I hope, my darlings, that you end up with a collection of perfect summer days.

Riverside Ramble, with UFDs and a Cameo Appearance by My Cat

9 thoughts on “Riverside Ramble, with UFDs and a Cameo Appearance by My Cat

  1. rq

    Beavers are absolutely amazing engineers. They pack their dams with mud and grasses that make them extremely difficult to break down (everything gets woven together so that you can’t just remove one piece, everything needs to be untangled and it gets messy).
    When I was growing up, we’d make regular trips to the beaver stream to break down the dam, because it would flood the forest floor almost up to our backyard and the mosquitos would be nuts. They (the beavers) were fast, too – if we tore it down one day, in two days it would be back up and just as impressive. Sometime in early autumn we let them leave it up to have a nice deep pool of water for hibernating needs. But I’m still amazed by the intricacy of beaver work – no plans, no permits, but with simple materials and a whole lot of effort, they could make a water-proof wall taller than my dad.
    And apparently they ARE busy, doing most of their work underwater, but supposedly they’re constantly fixing and improving their structures, just not at times when humans are around to see.

    And the first bird is a species of sparrow again, I think. The more reddish ones are ones more partial to forests rather than cities.

  2. 2

    Sounds like somebody is ready for a more advanced camera:

    Someday, some genius will make a camera that understands what you’re trying to do, so that when I’m shouting, “No, no, don’t focus on the leaves and twigs! I want the bird! The bird!!” the camera will go, “Oh, right, sorry” and focus on the proper bit.

    These have already existed for a long time: some cameras have a simple collar around the lens that you turn to adjust the focus. Something like an Olympus Pen or Nikon 1 could be just the ticket. With a little practice you spin the collar past the focus point, then back past it the other way, then back to it stopping precisely on the proper bit. Squeeze the shutter release and the image is captured.

    Best of all, you never have to negotiate with some piece of software second-guessing what you want. It’s your brain, your hand, the subject and the camera.

  3. 4

    The first UFD is a song sparrow, I think. One of the native species adversely affected by the house sparrow of the previous UFD post. Still pretty common.

    The second one is a rufous-sided towhee, as I will insist on calling it. The ornithologists have, as their wont, changed the name apparently so it’s properly a spotted towhee. It’s appropriate that you caught it on the ground; they spend a lot of time there kicking the leaf litter back with their feet to find food.

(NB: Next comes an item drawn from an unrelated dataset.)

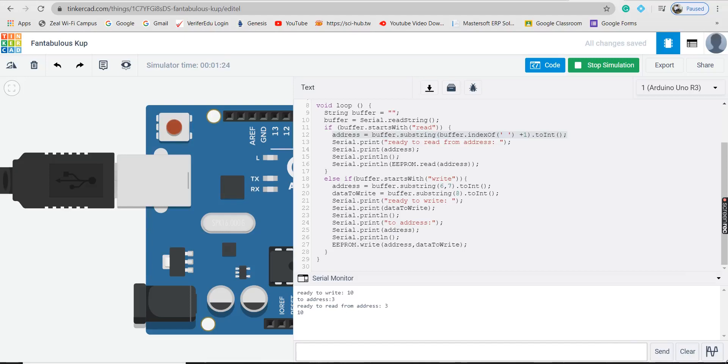Hello friends, I am Chaitanya Deshpande. In this video, we will see the sketch that allows a user to access data in EEPROM using serial monitor.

    I’m betting there were, in fact, ducklings. All your mallards are males, who don’t take part in child-rearing. The females and ducklings may have been back in the shrubbery. Come August, when mating is not on the agenda, the male mallards will lose their green heads for a while. They also lose their flight feathers and are unable to fly for a couple of weeks.

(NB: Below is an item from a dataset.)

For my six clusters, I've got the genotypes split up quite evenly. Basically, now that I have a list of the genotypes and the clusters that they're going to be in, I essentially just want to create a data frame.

    Also — KITTY. One of ours was going nuts about an hour ago so I tossed a blanket over her. She’s still under it, sleeping.

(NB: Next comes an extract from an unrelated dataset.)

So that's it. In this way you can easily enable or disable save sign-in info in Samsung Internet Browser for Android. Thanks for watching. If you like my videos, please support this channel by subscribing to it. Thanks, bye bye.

    Thanks for the UFD posts; I really enjoy them.

  4. 5

    There used to be a fair amount of boat traffic, and the river got dredged and straightened for flood control and transportation purposes, if I remember the sign right.

    I wouldn’t be surprised. The Sammamish reminds me a lot of the Delaware Canal, which was constructed along the Delaware River so small barges could carry stuff between the Lehigh Valley and Philadelphia back in the 19th Century.

  5. 6

    The Sammamish River didn’t even used to be considered a river. It was better known, until pretty recently, as the Sammmamish Slough. Another place I should visit one of these days.

  6. 7

    Hi Trebuchet,
    What about the gull then? My guess is one of those annoying North Western things that hybridise with anything. (possibly not with Mallards though).

  7. 8

    Probably an immature Glaucous Winged Gull, since that’s the common species around here. Definitely an immature regardless. I wasn’t aware of them hybridizing, I’ll have to look that up!